> **Provided information**
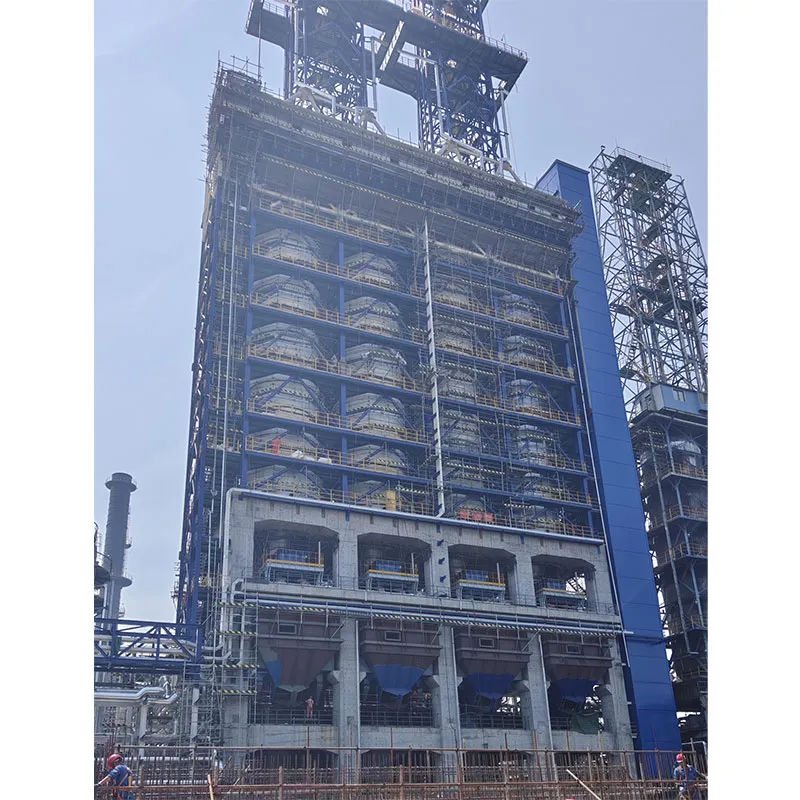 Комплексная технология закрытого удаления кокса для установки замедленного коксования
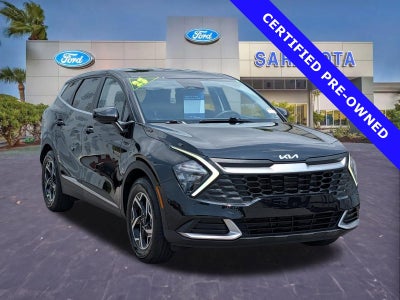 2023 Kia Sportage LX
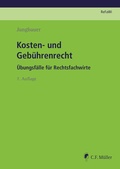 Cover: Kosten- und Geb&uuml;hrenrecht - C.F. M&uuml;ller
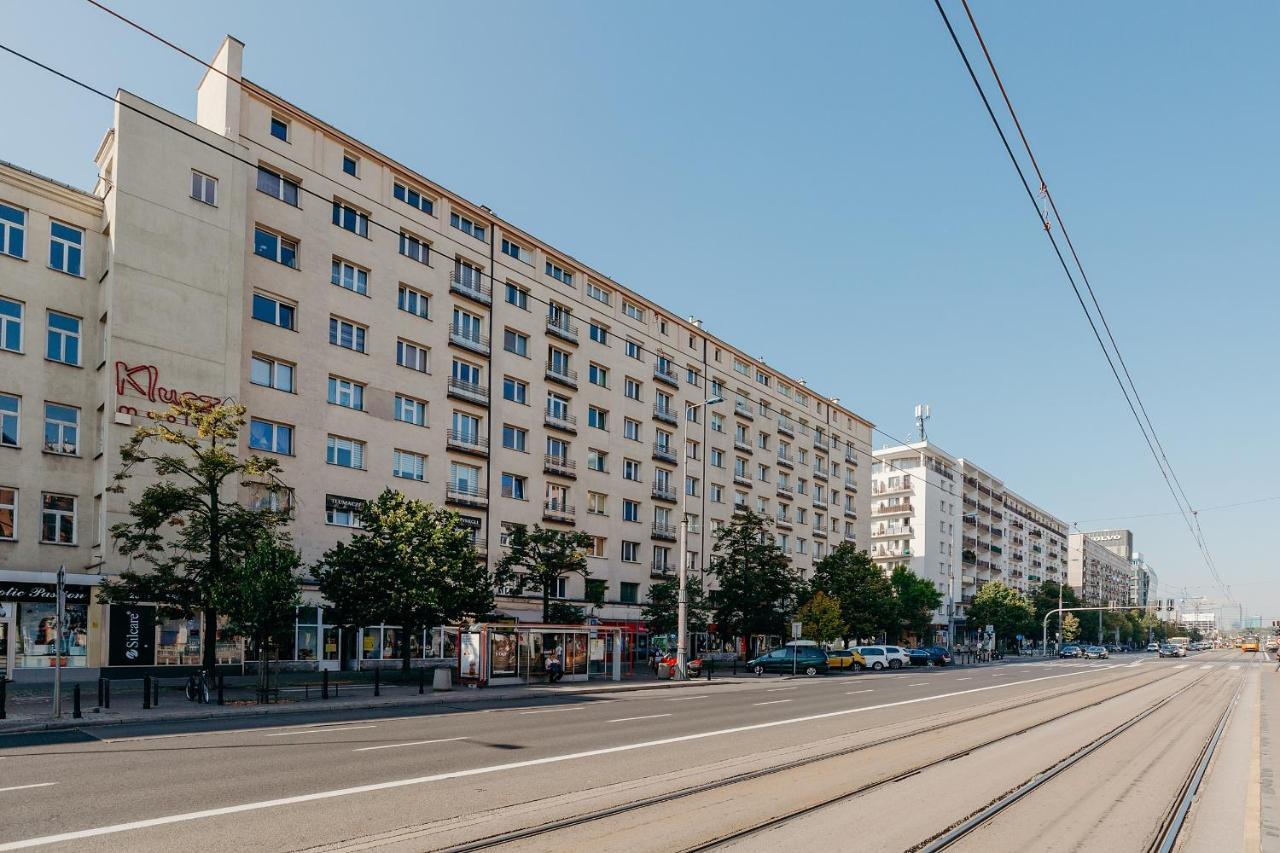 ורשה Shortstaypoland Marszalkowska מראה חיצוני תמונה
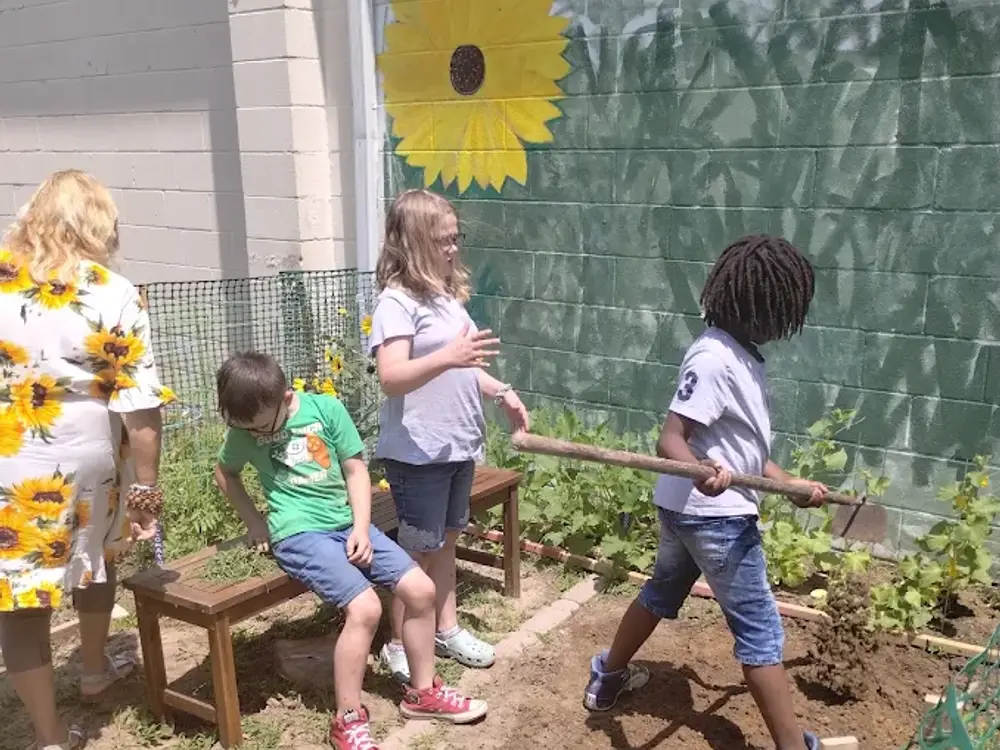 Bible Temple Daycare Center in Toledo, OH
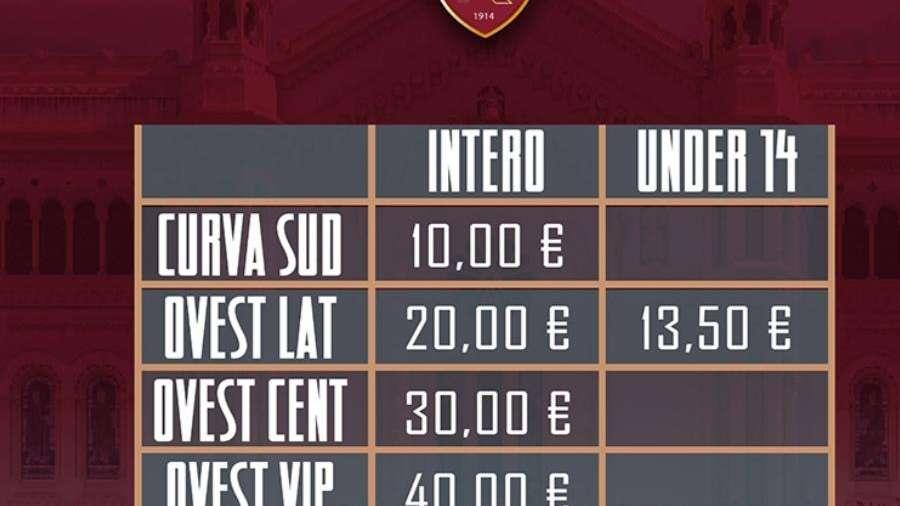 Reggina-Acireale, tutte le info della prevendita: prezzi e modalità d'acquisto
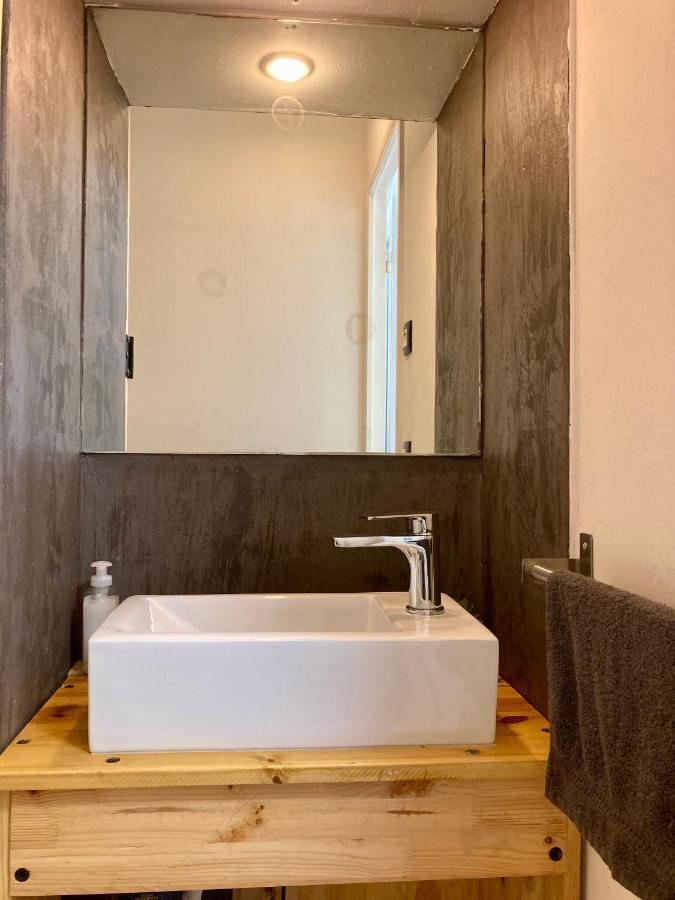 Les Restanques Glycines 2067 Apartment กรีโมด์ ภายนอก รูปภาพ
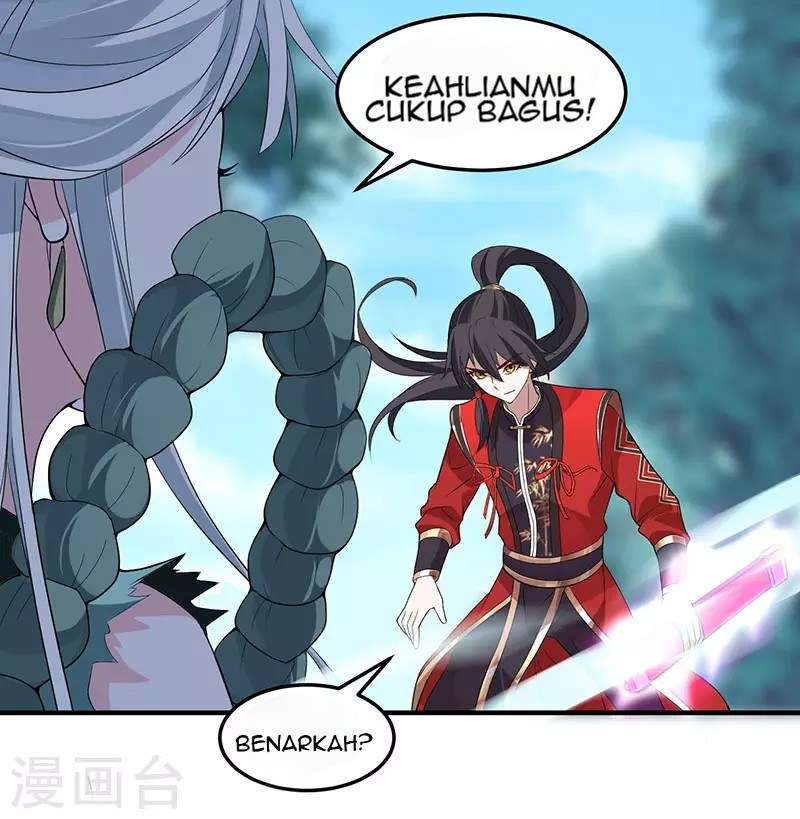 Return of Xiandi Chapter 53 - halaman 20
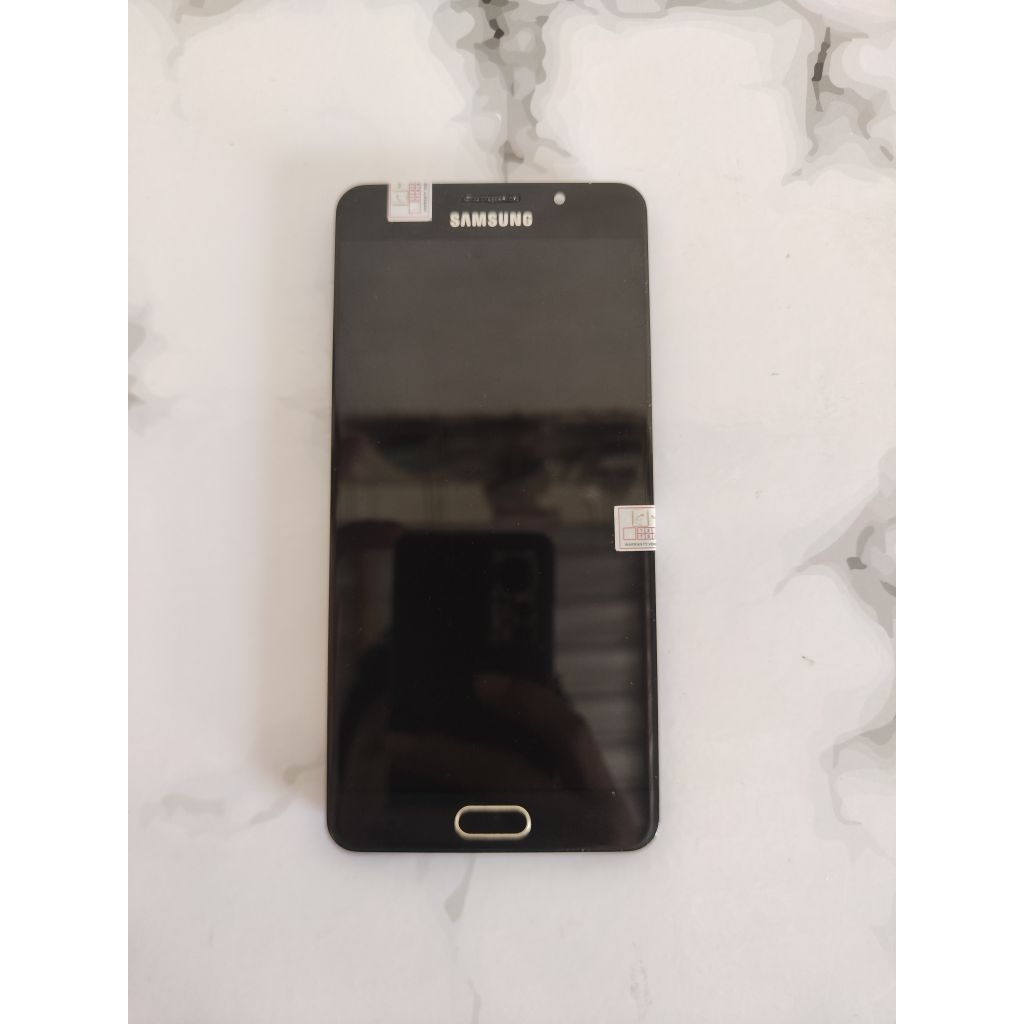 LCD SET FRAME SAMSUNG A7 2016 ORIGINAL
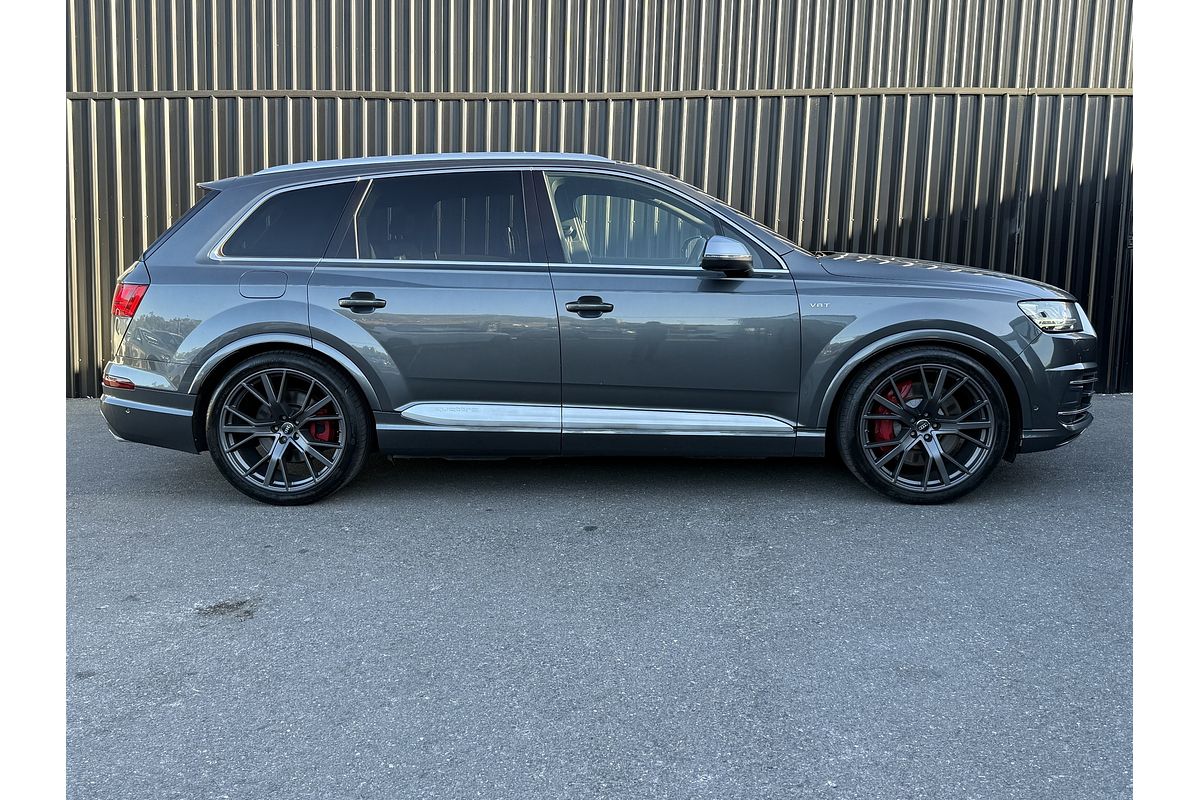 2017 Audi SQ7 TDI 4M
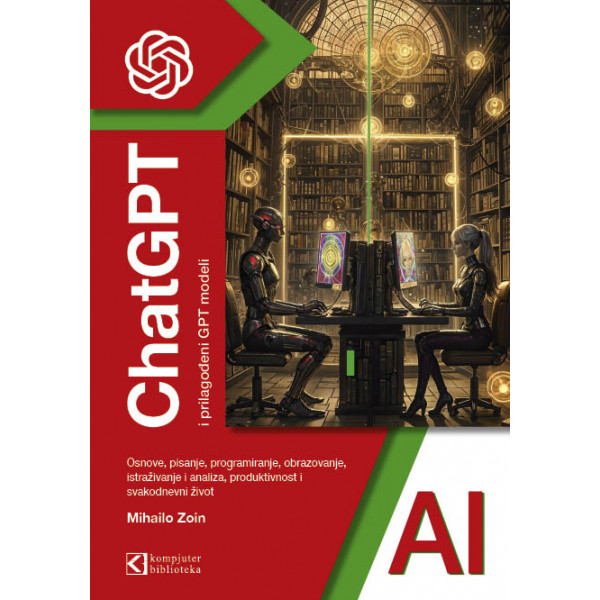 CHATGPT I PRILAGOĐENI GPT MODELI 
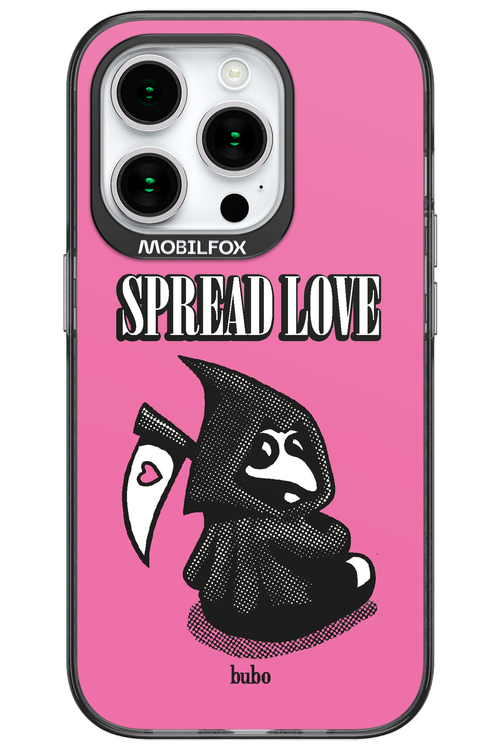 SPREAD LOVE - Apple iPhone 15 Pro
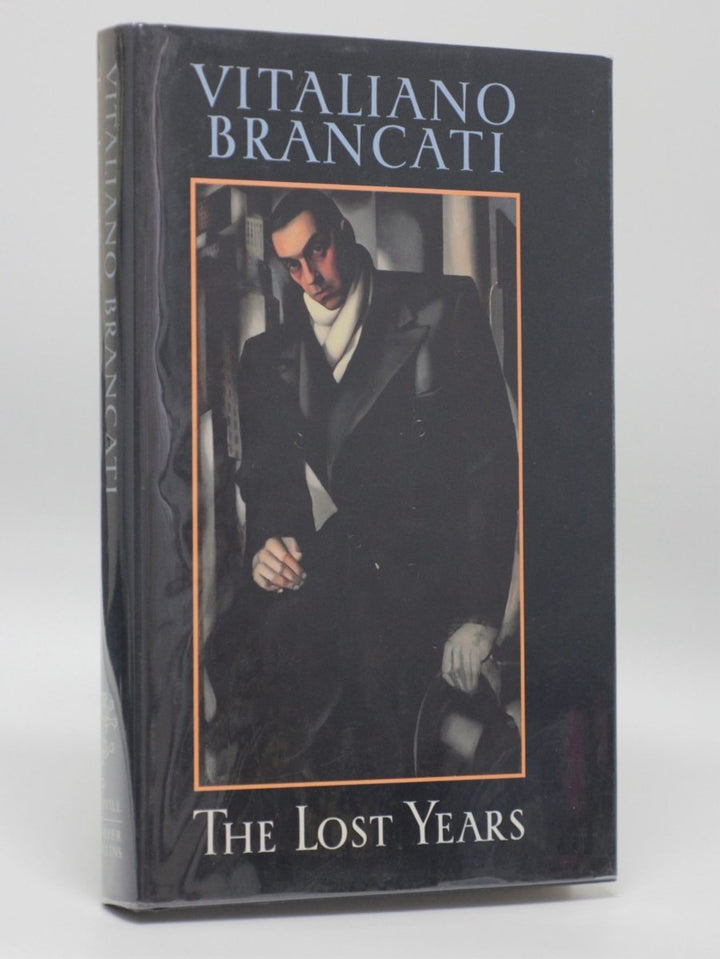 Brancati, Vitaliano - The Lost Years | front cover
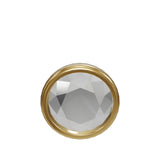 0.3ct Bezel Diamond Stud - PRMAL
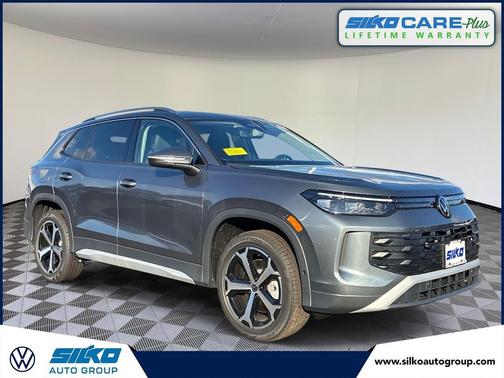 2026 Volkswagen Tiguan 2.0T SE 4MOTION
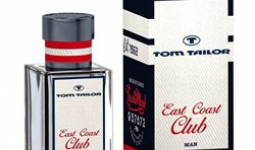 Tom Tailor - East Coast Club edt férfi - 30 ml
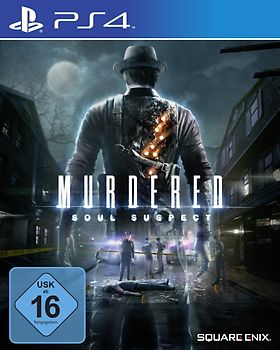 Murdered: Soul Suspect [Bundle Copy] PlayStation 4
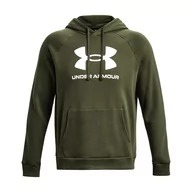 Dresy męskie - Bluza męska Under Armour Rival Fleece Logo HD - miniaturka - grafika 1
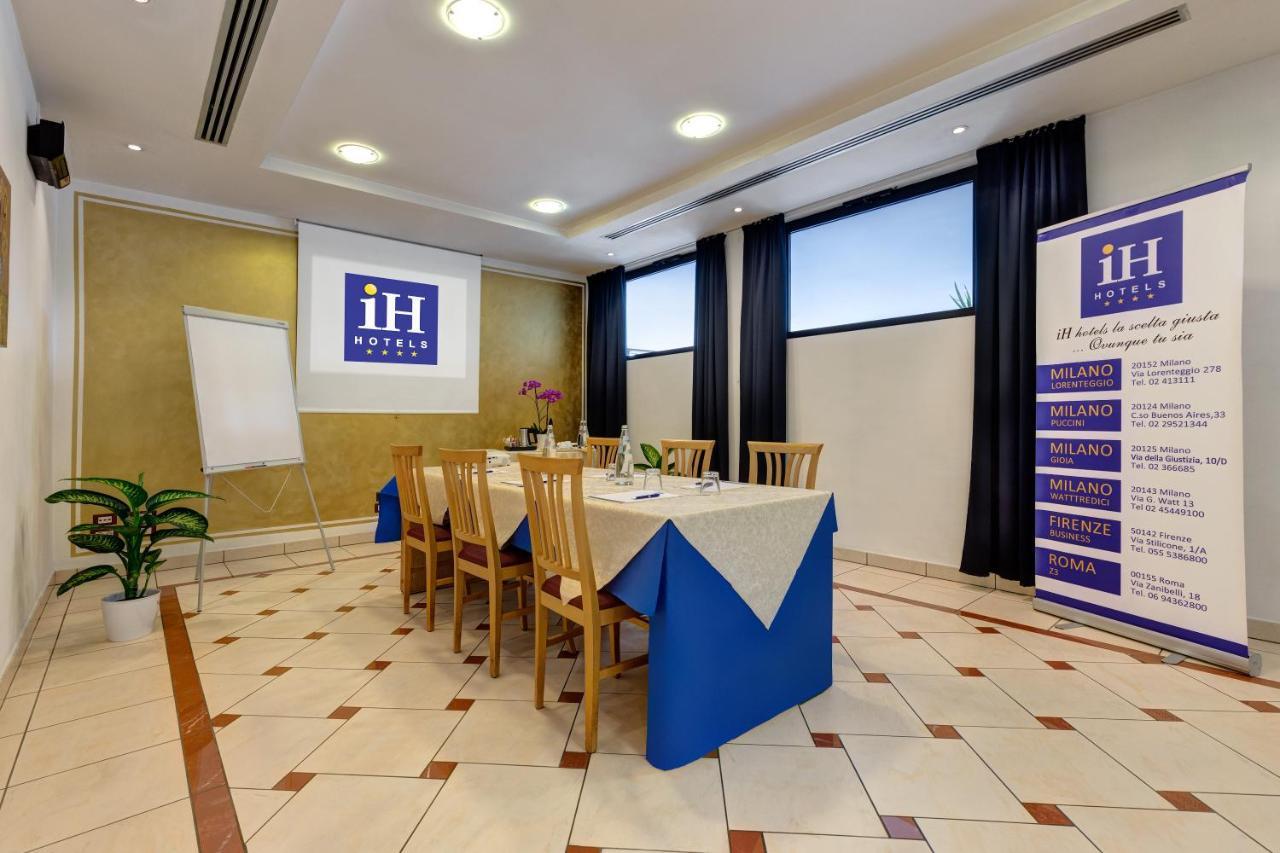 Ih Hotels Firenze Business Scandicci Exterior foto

> **Problem to solve**
Everything from the line containing "Dresy męskie - Bluza" through the last line of the records above is to be reproduced exactly, except the pictures.

> **Answer area**
 Dresy męskie - Bluza męska Under Armour Rival Fleece Logo HD - miniaturka - grafika 1
 Ih Hotels Firenze Business Scandicci Exterior foto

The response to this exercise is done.